AK <- round(Total_2023 * Persen_AK_2023 / 100)
Bukan_AK <- Total_2023 - AK
# Buat data frame biner
x <- factor(rep(pendidikan, times = AK + Bukan_AK),
levels = pendidikan)
y <- unlist(mapply(function(ak, bukan) c(rep(1, ak), rep(0, bukan)),
AK, Bukan_AK))
data <- data.frame(x = x, y = y)
data$x <- relevel(data$x, ref = "SMA/SMK/MA") # Ref kategori
# Model regresi logistik
model <- glm(y ~ x, data = data, family = binomial)
summary(model)
##
## Call:
## glm(formula = y ~ x, family = binomial, data = data)
##
## Coefficients:
## Estimate Std. Error z value Pr(>|z|)
## (Intercept) 0.705924 0.001080 653.6 <2e-16 ***
## xSD/MI -0.474497 0.002170 -218.7 <2e-16 ***
## xSMP/MTs -0.831689 0.001946 -427.3 <2e-16 ***
## xPerguruan Tinggi 0.421698 0.002055 205.2 <2e-16 ***
## ---
## Signif. codes: 0 '***' 0.001 '**' 0.01 '*' 0.05 '.' 0.1 ' ' 1
##
## (Dispersion parameter for binomial family taken to be 1)
##
## Null deviance: 10919845 on 8322912 degrees of freedom
## Residual deviance: 10577728 on 8322909 degrees of freedom
## AIC: 10577736
##
## Number of Fisher Scoring iterations: 4
Langkah 1: Ambil nilai koefisien dan standard error (SE)
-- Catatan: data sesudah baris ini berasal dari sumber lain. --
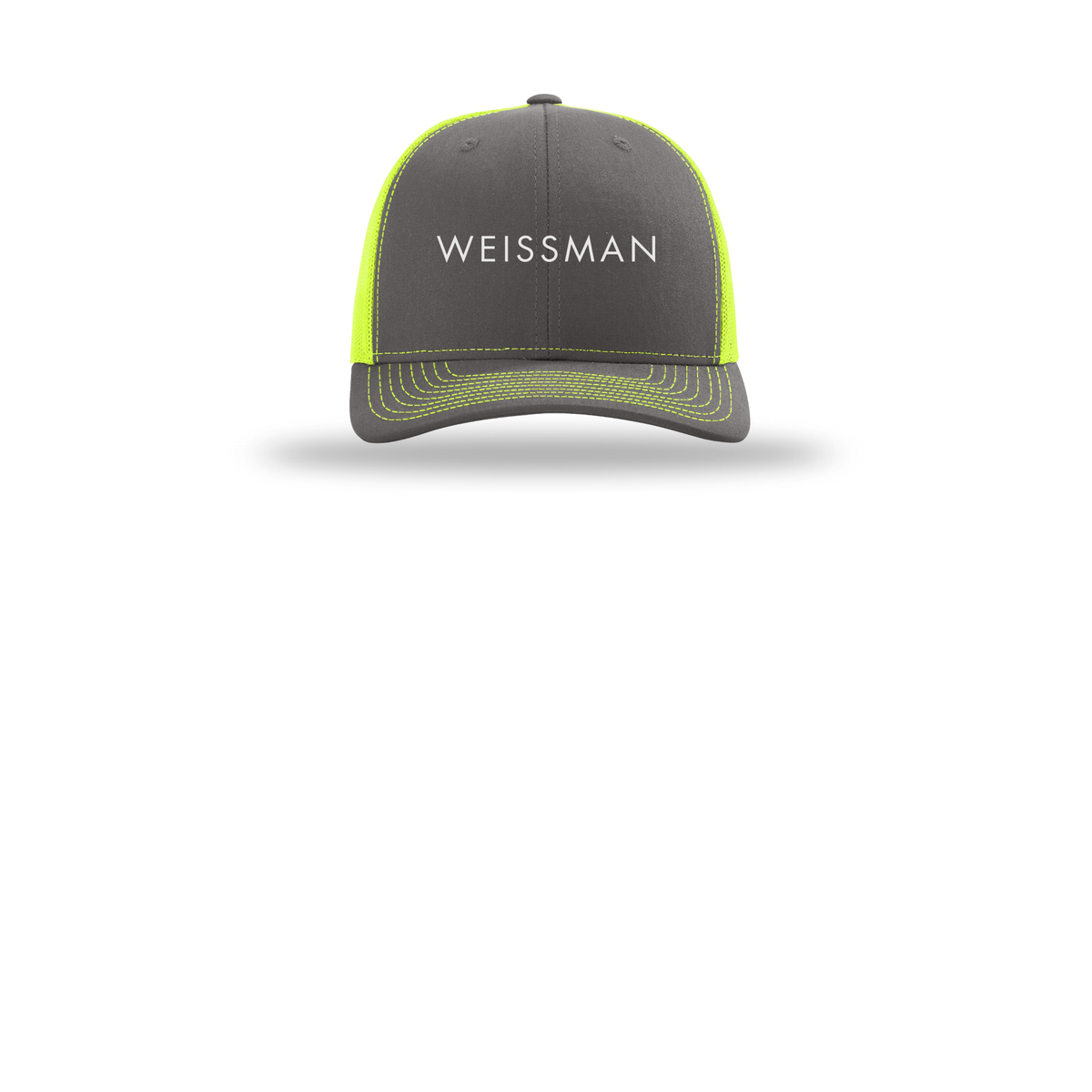weissmans-richardson-trucker-cap-embroidery-capfront-R112-charcoalneonyellow-flat-front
beta_hat <- coef(model)["xPerguruan Tinggi"]
se_beta <- summary(model)$coefficients["xPerguruan Tinggi", "Std. Error"]
Langkah 2: Hitung Statistik Z
Z <- beta_hat / se_beta
Z
## xPerguruan Tinggi
## 205.2466
Langkah 3: Hitung Statistik Wald
Wald_stat <- Z^2
Wald_stat
## xPerguruan Tinggi
## 42126.16
Langkah 4: Hitung p-value
p_value <- 1 - pchisq(Wald_stat, df = 1)
p_value
## xPerguruan Tinggi
## 0
Interpretasi: Interpretasi
• Jika p-value < 0.05, maka koefisien signifikan → variabel prediktor berpengaruh.
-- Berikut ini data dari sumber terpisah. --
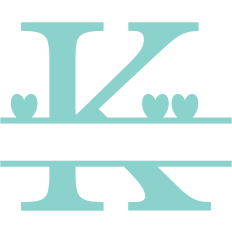 monogram letter K heart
• Jika p-value > 0.05, maka tidak ada cukup bukti untuk menolak - \(( H_0 )\)
Kesimpulan
Uji Wald didasarkan pada rasio antara estimasi parameter dan standar error-nya. Dengan menaikkan nilai Z menjadi kuadrat (Z²), kita memperoleh distribusi Chi-Square untuk pengujian hipotesis parameter individual dalam model regresi logistik
Bandingkan model penuh dengan model tanpa prediktor
# Data
data_ak <- data.frame(
Pendidikan = c(">= SD/MI", "SMP/MTs", "SMA/SMK/MA", "Perguruan Tinggi"),
Total_2023 = c(1144695, 1532001, 3874632, 1771585),
Persen_AK_2023 = c(55.76, 46.86, 66.95, 75.54)
)
# Hitung AK dan Bukan AK
data_ak$AK <- round(data_ak$Total_2023 * data_ak$Persen_AK_2023 / 100)
data_ak$Bukan_AK <- data_ak$Total_2023 - data_ak$AK
# Ubah ke format long untuk regresi logistik
data_long <- data_ak %>%
select(Pendidikan, AK, Bukan_AK) %>%
tidyr::pivot_longer(cols = c("AK", "Bukan_AK"), names_to = "Status", values_to = "Jumlah")
data_long$Status <- factor(data_long$Status, levels = c("Bukan_AK", "AK"))
data_long$Pendidikan <- factor(data_long$Pendidikan)
# Variabel respons biner
data_long$Y <- ifelse(data_long$Status == "AK", 1, 0)
# Model penuh
model <- glm(Y ~ Pendidikan, data = data_long, weights = Jumlah, family = binomial)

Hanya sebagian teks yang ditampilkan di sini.